Mitochondrial Dna Depletion Syndrome 6 (Hepatocerebral Type)

A number sign (#) is used with this entry because mitochondrial DNA depletion syndrome-6 (MTDPS6), also known as Navajo neurohepatopathy (NNH), is caused by homozygous or compound heterozygous mutation in the MPV17 gene (137960) on chromosome 2p23.

Biallelic mutations in the MPV17 gene can also caused CMT2EE (618400), a much less severe disorder.

Description

Mitochondrial DNA depletion syndrome-6 is an autosomal recessive disorder characterized by infantile onset of progressive liver failure, often leading to death in the first year of life. Those that survive develop progressive neurologic involvement, including ataxia, hypotonia, dystonia, and psychomotor regression (Spinazzola et al., 2008).

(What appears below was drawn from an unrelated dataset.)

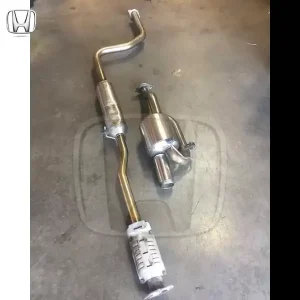 JDM MUGEN TWIN LOOP EXHAUST LINE FOR EK – Rare Honda Part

For a discussion of genetic heterogeneity of autosomal recessive mtDNA depletion syndromes, see MTDPS1 (603041).

Clinical Features

Appenzeller et al. (1976) described 4 Navajo children with a mutilating neuropathy with severe motor involvement. The disorder appeared to be recessively inherited and was present from a very early age. Manifestations included severe anesthesia leading to corneal ulceration, painless fractures, and acral mutilation; muscle weakness; absent or markedly decreased deep tendon reflexes; and normal IQ. Sural nerve biopsy showed nearly complete absence of myelinated fibers without evidence of regeneration, and degenerative unmyelinated fibers with evidence of regeneration.

Snyder et al. (1988) reported 4 children with Navajo neuropathy, including 1 previously reported by Appenzeller et al. (1976), and extended the clinical spectrum to include progressive central nervous system white matter abnormalities with spinal cord atrophy in older children and onset during early infancy.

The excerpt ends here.